Repeat the records below verbatim.

*** Data in this exercise Section Begins ***

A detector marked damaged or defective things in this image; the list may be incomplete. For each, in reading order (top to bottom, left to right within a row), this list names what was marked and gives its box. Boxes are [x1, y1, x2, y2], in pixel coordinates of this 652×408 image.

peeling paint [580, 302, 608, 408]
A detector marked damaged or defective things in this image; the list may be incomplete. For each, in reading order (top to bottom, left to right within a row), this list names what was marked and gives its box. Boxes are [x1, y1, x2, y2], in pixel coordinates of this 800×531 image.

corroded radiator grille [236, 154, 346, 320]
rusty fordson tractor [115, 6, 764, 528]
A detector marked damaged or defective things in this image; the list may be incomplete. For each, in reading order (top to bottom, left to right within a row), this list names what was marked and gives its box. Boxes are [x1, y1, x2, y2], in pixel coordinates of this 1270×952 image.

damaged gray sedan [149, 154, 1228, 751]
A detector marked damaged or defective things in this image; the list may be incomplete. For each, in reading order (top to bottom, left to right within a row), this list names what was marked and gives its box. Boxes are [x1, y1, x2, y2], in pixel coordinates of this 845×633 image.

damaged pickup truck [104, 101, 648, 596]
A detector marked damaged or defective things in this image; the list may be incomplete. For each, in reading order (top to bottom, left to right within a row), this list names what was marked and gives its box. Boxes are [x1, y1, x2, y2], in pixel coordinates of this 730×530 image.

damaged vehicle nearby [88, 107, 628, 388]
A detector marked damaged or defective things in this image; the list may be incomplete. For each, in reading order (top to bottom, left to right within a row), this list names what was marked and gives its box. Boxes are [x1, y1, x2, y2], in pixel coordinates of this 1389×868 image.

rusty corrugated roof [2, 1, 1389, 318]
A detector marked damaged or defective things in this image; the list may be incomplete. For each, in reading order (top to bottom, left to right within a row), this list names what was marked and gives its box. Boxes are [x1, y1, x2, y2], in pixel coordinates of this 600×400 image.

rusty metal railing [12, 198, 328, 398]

*** Data in this exercise Section Ends ***

- **Answer section**
A detector marked damaged or defective things in this image; the list may be incomplete. For each, in reading order (top to bottom, left to right within a row), this list names what was marked and gives its box. Boxes are [x1, y1, x2, y2], in pixel coordinates of this 652×408 image.

peeling paint [580, 302, 608, 408]
A detector marked damaged or defective things in this image; the list may be incomplete. For each, in reading order (top to bottom, left to right within a row), this list names what was marked and gives its box. Boxes are [x1, y1, x2, y2], in pixel coordinates of this 800×531 image.

corroded radiator grille [236, 154, 346, 320]
rusty fordson tractor [115, 6, 764, 528]
A detector marked damaged or defective things in this image; the list may be incomplete. For each, in reading order (top to bottom, left to right within a row), this list names what was marked and gives its box. Boxes are [x1, y1, x2, y2], in pixel coordinates of this 1270×952 image.

damaged gray sedan [149, 154, 1228, 751]
A detector marked damaged or defective things in this image; the list may be incomplete. For each, in reading order (top to bottom, left to right within a row), this list names what was marked and gives its box. Boxes are [x1, y1, x2, y2], in pixel coordinates of this 845×633 image.

damaged pickup truck [104, 101, 648, 596]
A detector marked damaged or defective things in this image; the list may be incomplete. For each, in reading order (top to bottom, left to right within a row), this list names what was marked and gives its box. Boxes are [x1, y1, x2, y2], in pixel coordinates of this 730×530 image.

damaged vehicle nearby [88, 107, 628, 388]
A detector marked damaged or defective things in this image; the list may be incomplete. For each, in reading order (top to bottom, left to right within a row), this list names what was marked and gives its box. Boxes are [x1, y1, x2, y2], in pixel coordinates of this 1389×868 image.

rusty corrugated roof [2, 1, 1389, 318]
A detector marked damaged or defective things in this image; the list may be incomplete. For each, in reading order (top to bottom, left to right within a row), this list names what was marked and gives its box. Boxes are [x1, y1, x2, y2], in pixel coordinates of this 600×400 image.

rusty metal railing [12, 198, 328, 398]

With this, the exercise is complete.